The theory that birth order affects one’s personality dates back to notable psychiatrist, Alfred Adler. But there’s much controversy surrounding the science of The Middle Child and the associated syndrome. For years, researchers have attempted to study “The Middle Child,” yielding some pretty disturbing results; numerous claims have even suggested that a middle child has an increased risk of delinquency and manipulative behavior.
A fellow middle child told me that growing up, she was savvy about leveraging her position in the family. If the older children were granted a privilege, she’d insist that she be included in it, because she was “one of the older ones.” When younger children were being treated to something, she insisted that she was “one of the younger ones.”
I’d hardly call this manipulative; it’s just a talent for bargaining!
In honor of this special day, I celebrate how being a middle child has fostered my own growth, especially when it comes to interpersonal skills.
1. I’ve learned to bail everyone out of trouble
Life is messy and people face challenges. As the middle child, no one is afraid to approach me for help because I’m not the strong-willed oldest, nor the youngest, who’s busy trying to keep up with everyone.
I don’t think it’s a coincidence that the tribe of Dan, descending from one of Jacob’s honorary middle children (due to complicated maternal dynamics, he’s traditionally listed as a middle child), was relegated to the back of the moving desert encampment; the tribe of Dan was characteristically tasked with the responsibility of making sure that no one was left behind. Similarly, I’ve been the one to gather any laggers. If a family member is stranded, or misses the bus, you’ll see my blue minivan coming to the rescue (even if it might not seem like the most heroic vehicle).
2. I’ve internalized the art of empathy
As the Chips Ahoy! commercial used to sing, “I’m squeezed in the middle…” I support the load of my older sibling on one shoulder, and that of my younger siblings on the other. With weight on both sides, I often find myself genuinely suffering for others.
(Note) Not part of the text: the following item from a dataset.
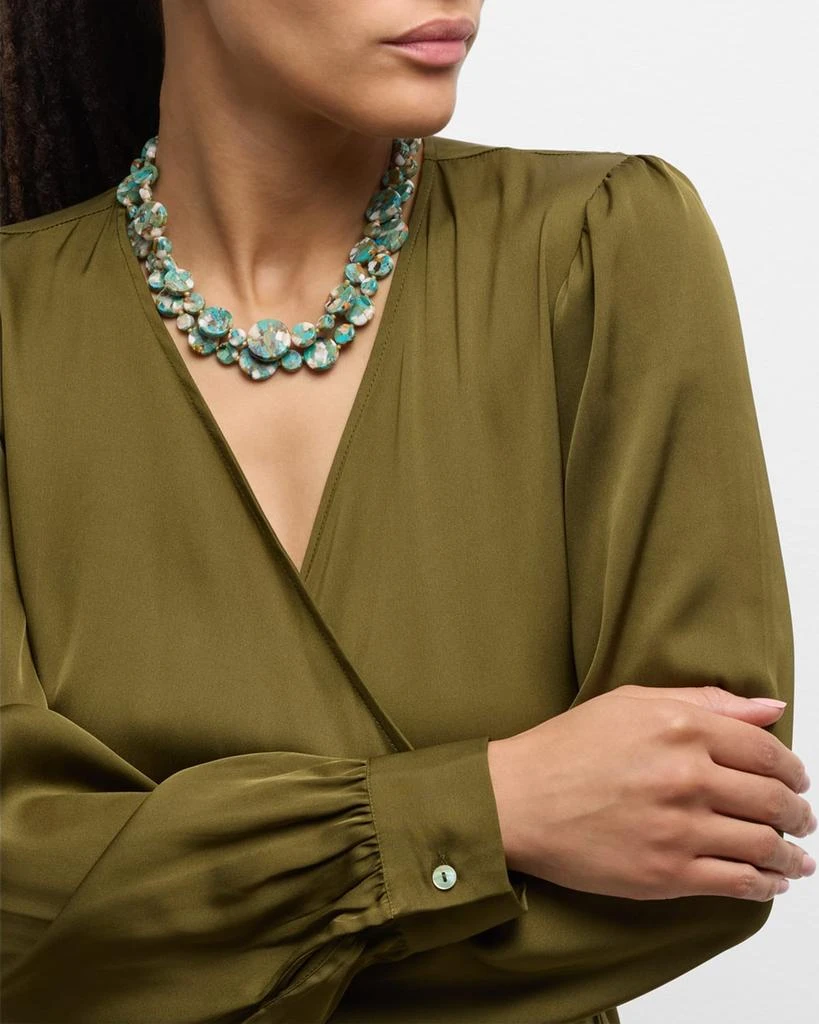 Devon Leigh Long Turquoise and Pearly Coin Necklace, 36"L 5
And while many mothers have likely locked themselves in a room to cry to “Surface Pressure,” from the movie Encanto, as a middle child, the song strikes me on a second level. Luisa Madrigal, a fellow middle child, sings, “Give it to your sister and never wonder, if the same pressure would’ve pulled you under…”
Yes, Luisa, I feel the pressure too! As the empathetic middle children of our respective families, we carry great responsibility.
Remarkably, even when someone is unkind to me, I can’t bear to see him suffer. And I often marvel at what happens when our empathetic 5-year-old’s siblings are in “time-out” for being mean to him. You’d expect him to smile smugly, but instead, as our original middle child, he begs us to set them free.
3. Family members come to me for advice
As the invisible passenger who quietly surveys the scene, I’ve gained much wisdom. My older sibling who is tasked with trailblazing has come to me when unsure how to climb. Younger siblings have looked to me for advice, because of my unique position of learning from my older sibling’s mistakes.
Knowing that I have a scenic vantage point, along with empathy, my parents have come to me as well.
4. I’ve uncovered how to live without recognition
Because I am so used to being an observer who guides others, I don’t expect people to focus on me. I remember wondering before my wedding, how will I handle so much attention?
Similarly, our son’s pre-school teacher quickly learned not to make him “Star of the Week” because he got upset from the acknowledgement. As parents, it’s been difficult to no longer see him celebrated this way, but I must say that as a fellow middle child, I totally understand him.
5. I’ve developed into the “Peacemaker”
The quintessential peacemaker and middle child is Moses’ brother, Aaron who was a lover and pursuer of peace. When Aaron died, the entire nation wept due to the loss of their family mediator.
Why does being the middle child hone such skills? Perhaps it’s because no one views us as intimidating. Without the attention reserved for the eldest and youngest children, we are the invisible force that quietly draws people back together. We are the bridge between the older and the younger, which places us in an invaluable position.
To all my fellow Middle Children out there, I empower you to try to reach inside and see how your place in the family has positively shaped you. Despite the challenges you’ve faced, you have persevered. Even if no one else celebrates, I’ll be thinking of you on August 12th.